Understanding the evolutionary constraints on EF-Ts provides insights into both the fundamental mechanisms of molecular evolution and the specific adaptations that have allowed Prochlorococcus to become "the most abundant photosynthetic organism on Earth" despite its resource-limited environment.

How might the study of Prochlorococcus marinus EF-Ts contribute to our understanding of translation efficiency in photosynthetic prokaryotes?

Studying Prochlorococcus marinus EF-Ts can significantly advance our understanding of translation efficiency in photosynthetic prokaryotes through several research avenues:

• Integration of Translation with Photosynthetic Metabolism:

  Prochlorococcus marinus has evolved highly efficient cellular machinery to thrive in nutrient-limited environments where it "typically divides once a day in the subsurface layer of oligotrophic areas" . The coordination between photosynthesis and protein synthesis is likely critical for this efficiency.

  Research on EF-Ts could reveal:

  • How translation factors respond to changing energy availability during light/dark cycles

  • Potential regulatory mechanisms that coordinate protein synthesis with photosynthetic output

  • Unique adaptations in translation machinery that optimize resource utilization

• Adaptations to Extreme Resource Limitations:

  Prochlorococcus represents an extreme case of adaptation to nutrient limitation, having evolved "by reducing its cell and genome sizes" . Its translation machinery must function with minimal resource investment.

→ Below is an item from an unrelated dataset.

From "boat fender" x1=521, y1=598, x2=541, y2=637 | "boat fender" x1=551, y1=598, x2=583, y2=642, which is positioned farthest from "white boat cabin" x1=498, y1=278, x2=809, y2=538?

  Comparison of photosynthetic parameters and oxygen evolution rates between different marine picocyanobacteria strains has shown significant variations that correspond to their ecological niches . Similar variations might exist in translation efficiency, with EF-Ts playing a key role in these adaptations.

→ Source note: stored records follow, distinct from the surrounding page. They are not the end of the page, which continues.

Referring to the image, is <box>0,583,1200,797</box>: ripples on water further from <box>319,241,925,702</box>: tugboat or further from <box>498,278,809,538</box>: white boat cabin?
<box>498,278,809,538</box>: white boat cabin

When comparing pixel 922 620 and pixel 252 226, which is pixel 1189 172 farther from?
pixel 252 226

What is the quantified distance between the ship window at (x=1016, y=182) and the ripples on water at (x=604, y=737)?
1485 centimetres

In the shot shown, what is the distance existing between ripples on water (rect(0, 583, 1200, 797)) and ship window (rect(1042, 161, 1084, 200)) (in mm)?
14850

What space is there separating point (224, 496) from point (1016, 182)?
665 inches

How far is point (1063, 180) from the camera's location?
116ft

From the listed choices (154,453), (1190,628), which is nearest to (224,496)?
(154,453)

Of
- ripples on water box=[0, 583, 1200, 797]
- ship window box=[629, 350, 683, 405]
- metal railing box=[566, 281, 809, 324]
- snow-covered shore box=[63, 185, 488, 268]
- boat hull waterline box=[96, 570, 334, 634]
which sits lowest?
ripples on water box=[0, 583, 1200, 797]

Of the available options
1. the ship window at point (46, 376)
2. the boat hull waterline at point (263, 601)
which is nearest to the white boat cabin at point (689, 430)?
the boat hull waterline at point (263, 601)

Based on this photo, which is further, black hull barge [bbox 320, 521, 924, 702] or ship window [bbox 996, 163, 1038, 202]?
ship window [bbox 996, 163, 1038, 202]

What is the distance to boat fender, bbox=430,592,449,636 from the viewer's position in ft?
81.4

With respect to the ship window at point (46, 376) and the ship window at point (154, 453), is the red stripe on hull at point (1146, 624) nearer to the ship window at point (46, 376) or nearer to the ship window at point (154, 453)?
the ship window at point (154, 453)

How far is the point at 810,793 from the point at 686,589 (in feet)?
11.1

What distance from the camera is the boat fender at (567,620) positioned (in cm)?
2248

• Insights into Translational Adaptations to Environmental Challenges:

  Prochlorococcus exhibits negative net O2 evolution rates at low irradiances encountered in minimum oxygen zones , suggesting metabolic adaptations to challenging environments. The translation machinery, including EF-Ts, must maintain function across these environmental gradients.

  Potential research approaches include:

  • Comparing kinetic parameters of EF-Ts from different ecotypes under varying temperature, pressure, and light conditions

  • Analyzing translation rates in reconstituted systems under conditions mimicking different ocean depths

  • Structural studies of EF-Ts under conditions representing ecological extremes

• Evolution of Minimal Translation Systems:

  As a model of genome streamlining, Prochlorococcus provides insights into the minimal requirements for efficient translation.

  Research Approach	Potential Insights
  Structure-function analysis	Identify essential vs. dispensable regions of EF-Ts
  Minimal reconstituted translation systems	Determine minimal components required for efficient translation
  Computational modeling	Predict translation efficiency based on EF-Ts kinetic parameters
  Comparative genomics	Identify evolutionary patterns in translation machinery across ecotypes

These research directions would not only advance our understanding of Prochlorococcus biology but also provide broader insights into how photosynthetic prokaryotes optimize their translation machinery for survival in challenging environments, with potential applications in biotechnology and synthetic biology.